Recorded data
Start of Block
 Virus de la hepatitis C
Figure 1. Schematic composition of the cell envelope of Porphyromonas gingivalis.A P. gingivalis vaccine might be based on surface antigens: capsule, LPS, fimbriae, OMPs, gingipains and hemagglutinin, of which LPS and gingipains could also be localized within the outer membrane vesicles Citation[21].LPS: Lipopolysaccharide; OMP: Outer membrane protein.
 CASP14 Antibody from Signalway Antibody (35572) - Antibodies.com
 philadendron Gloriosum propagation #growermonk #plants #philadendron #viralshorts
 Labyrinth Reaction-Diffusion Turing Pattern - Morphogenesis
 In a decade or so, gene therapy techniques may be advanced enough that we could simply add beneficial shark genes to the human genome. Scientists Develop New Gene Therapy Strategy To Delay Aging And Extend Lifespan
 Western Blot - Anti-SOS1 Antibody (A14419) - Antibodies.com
End of Block
Aim of the task> The answer must consist of all the entries, copied exactly.

Task solution>
 Virus de la hepatitis C
Figure 1. Schematic composition of the cell envelope of Porphyromonas gingivalis.A P. gingivalis vaccine might be based on surface antigens: capsule, LPS, fimbriae, OMPs, gingipains and hemagglutinin, of which LPS and gingipains could also be localized within the outer membrane vesicles Citation[21].LPS: Lipopolysaccharide; OMP: Outer membrane protein.
 CASP14 Antibody from Signalway Antibody (35572) - Antibodies.com
 philadendron Gloriosum propagation #growermonk #plants #philadendron #viralshorts
 Labyrinth Reaction-Diffusion Turing Pattern - Morphogenesis
 In a decade or so, gene therapy techniques may be advanced enough that we could simply add beneficial shark genes to the human genome. Scientists Develop New Gene Therapy Strategy To Delay Aging And Extend Lifespan
 Western Blot - Anti-SOS1 Antibody (A14419) - Antibodies.com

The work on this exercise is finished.